- _Required work_
Exactly as written, retype the lines that run from the line holding "no brand（ノーブラン" through the end of the records below. Do not include pictures.

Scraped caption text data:
_ _ _ _ _

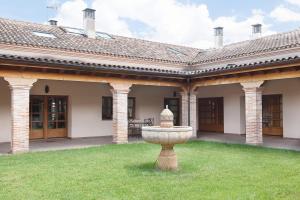 Zahrada ubytování Casa Roble
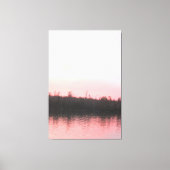 Roze wateren canvas afdruk (Voorkant)
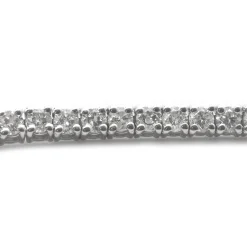 14 Karat White Gold Diamond Tennis Bracelet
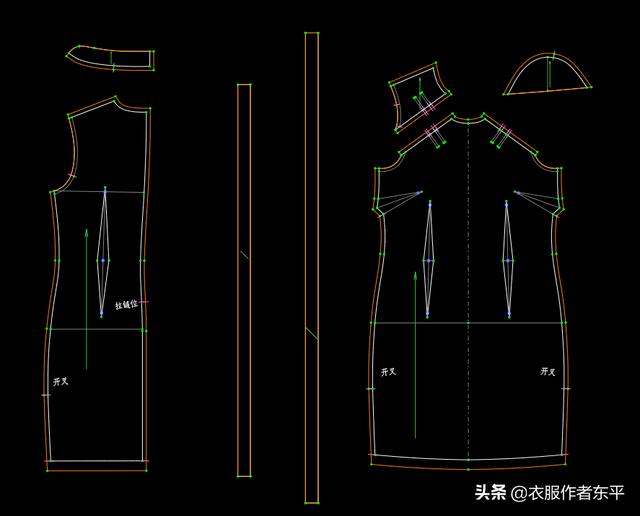 改良版旗袍连衣裙,做法简单实用.稍有基础的都可以尝试制作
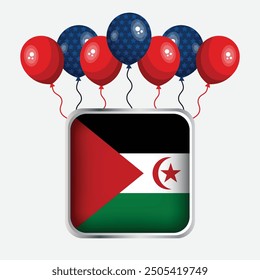 Western Sahara Flag Independence Day Celebration
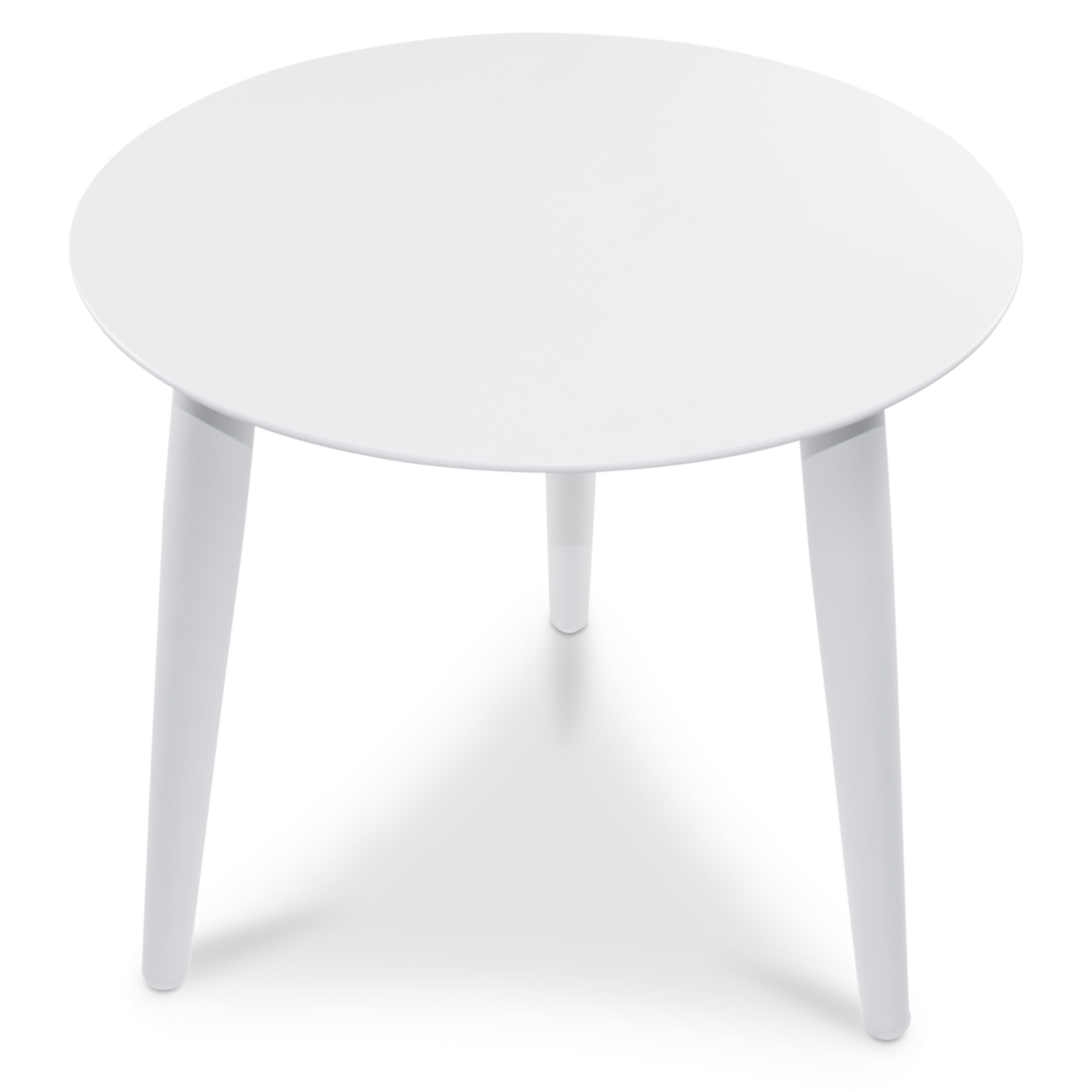 Santorini Large Side Table in Arctic White - The Furniture Shack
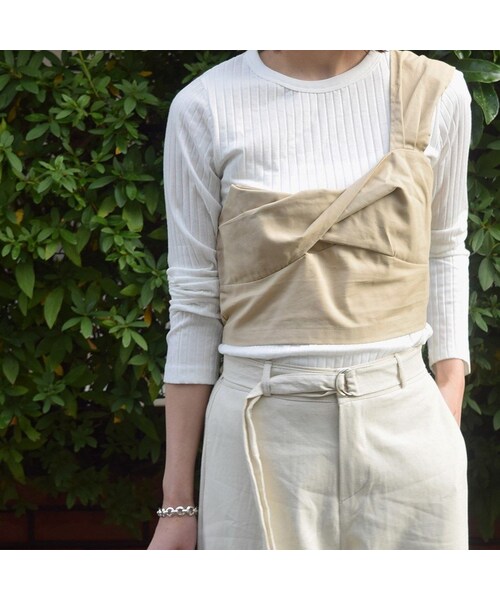 no brand（ノーブランド）の「ワンショルダービスチェ（Tシャツ/カットソー・レディース・その他）」の2枚目の写真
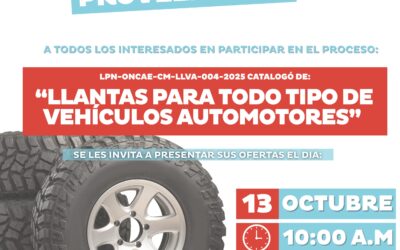 📢 ¡Atención Proveedores! SE LES INVITA A PARTICIPAR EN EL PROCESO LPN-ONCAE-CM-LLVA-005-2025
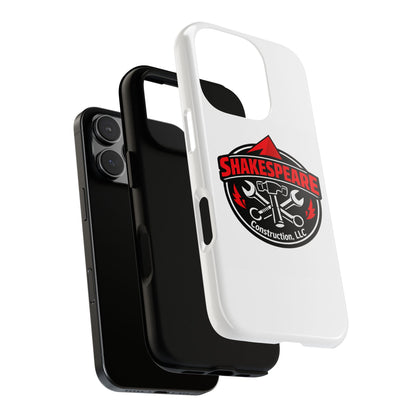 Tough Cases: Shakespeare Construction Logo Phone Case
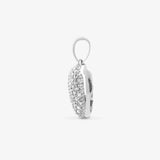 9ct White 0.25ct Pave Set Diamond Heart HEERA DIAMONDS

_ _ _ _ _

- _Solution below_
 no brand（ノーブランド）の「ワンショルダービスチェ（Tシャツ/カットソー・レディース・その他）」の2枚目の写真
 📢 ¡Atención Proveedores! SE LES INVITA A PARTICIPAR EN EL PROCESO LPN-ONCAE-CM-LLVA-005-2025
 Tough Cases: Shakespeare Construction Logo Phone Case
 9ct White 0.25ct Pave Set Diamond Heart HEERA DIAMONDS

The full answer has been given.